SOURCE MATERIAL:
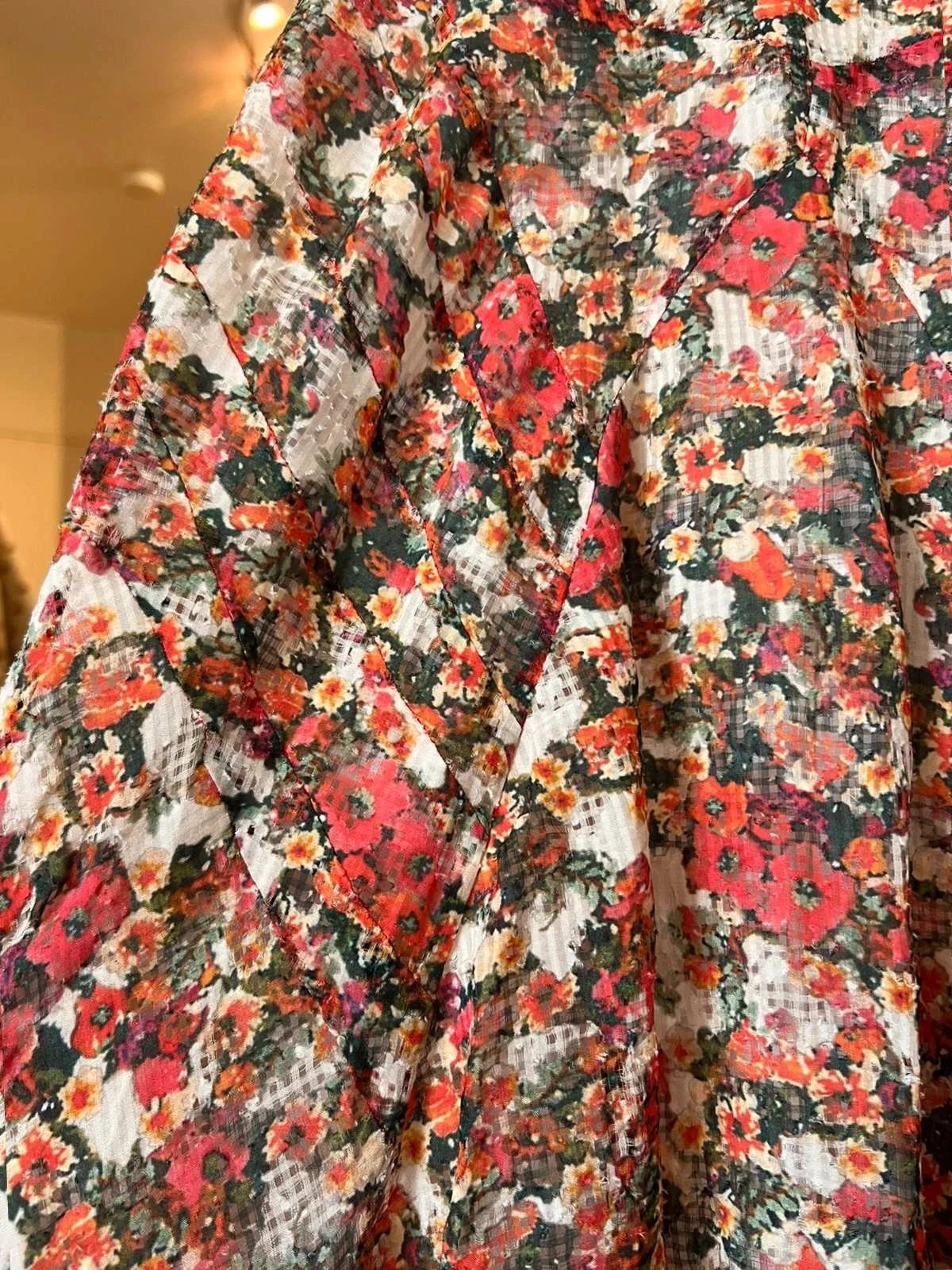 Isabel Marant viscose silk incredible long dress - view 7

...

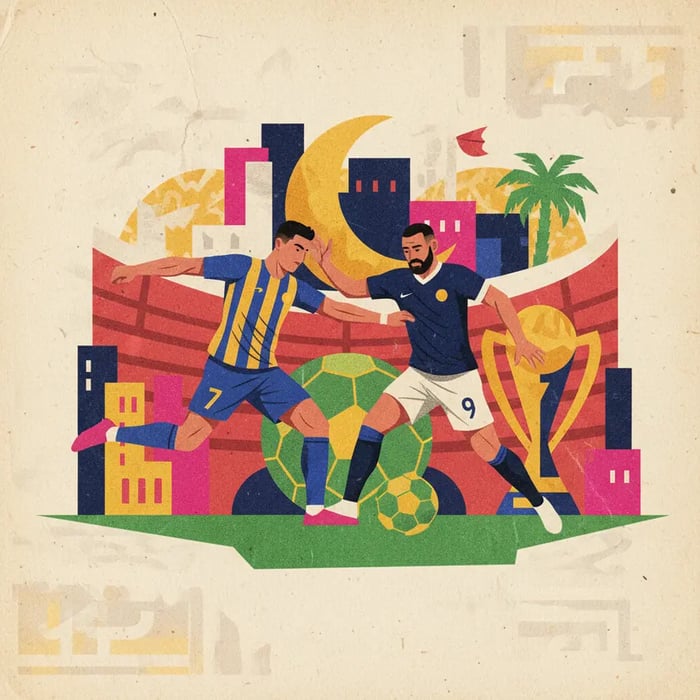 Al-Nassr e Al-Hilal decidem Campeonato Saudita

* * *

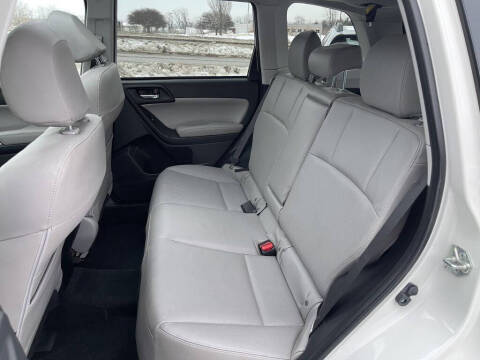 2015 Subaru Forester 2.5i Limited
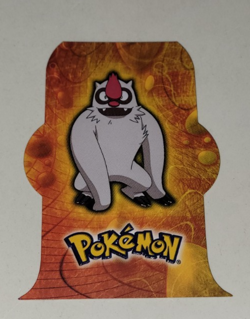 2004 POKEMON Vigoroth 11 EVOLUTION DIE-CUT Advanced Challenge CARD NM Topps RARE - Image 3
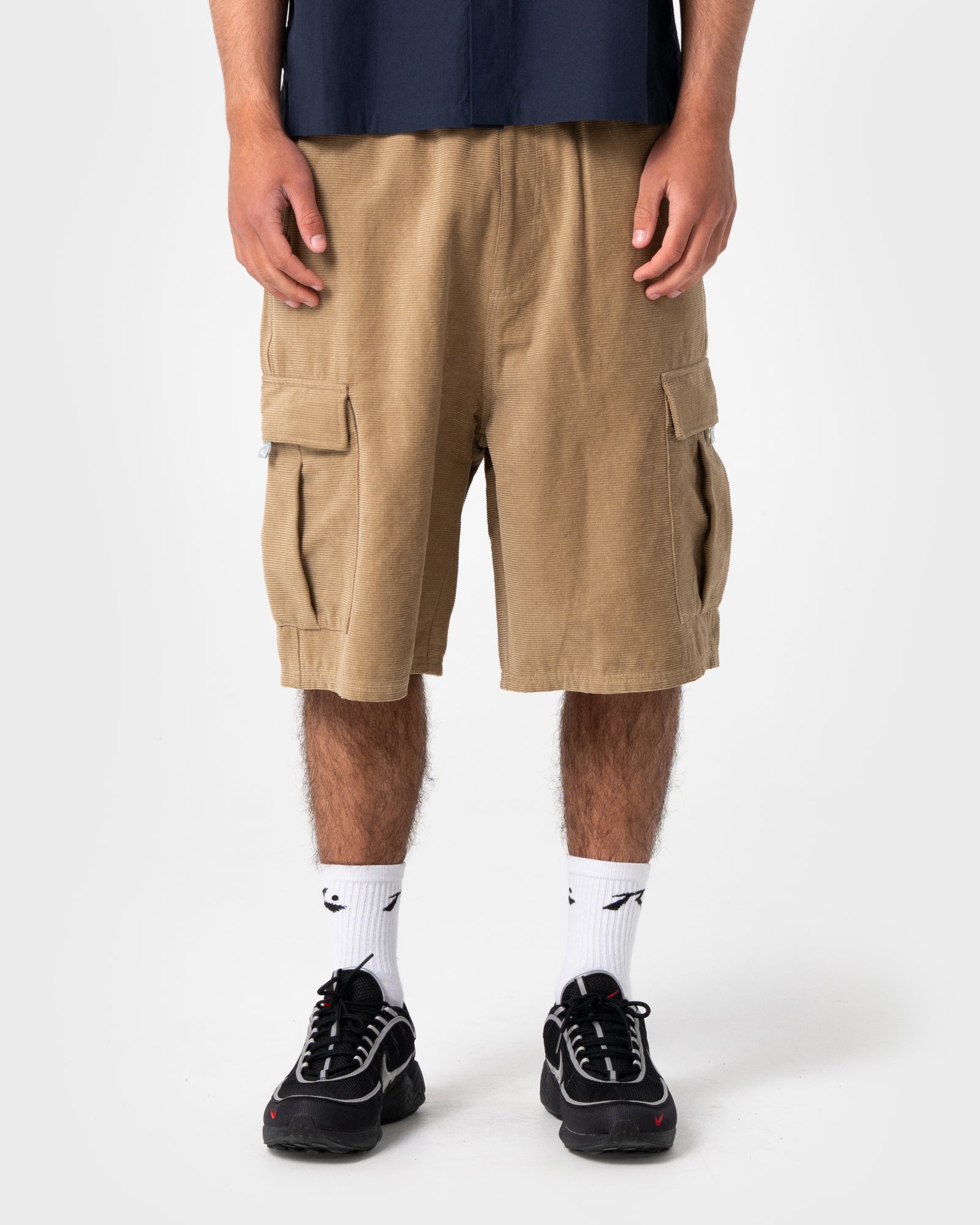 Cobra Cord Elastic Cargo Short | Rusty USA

WHAT THE TASK REQUIRES: Starting at the line above that holds "2015 Subaru Forester 2.5i Limited", repeat every line exactly down to and including the line that holds "Cobra Cord Elastic Cargo Short | Rusty USA", then stop. Do not carry over any pictures.

RESULT OF THE TASK:
 2015 Subaru Forester 2.5i Limited
 2004 POKEMON Vigoroth 11 EVOLUTION DIE-CUT Advanced Challenge CARD NM Topps RARE - Image 3
 Cobra Cord Elastic Cargo Short | Rusty USA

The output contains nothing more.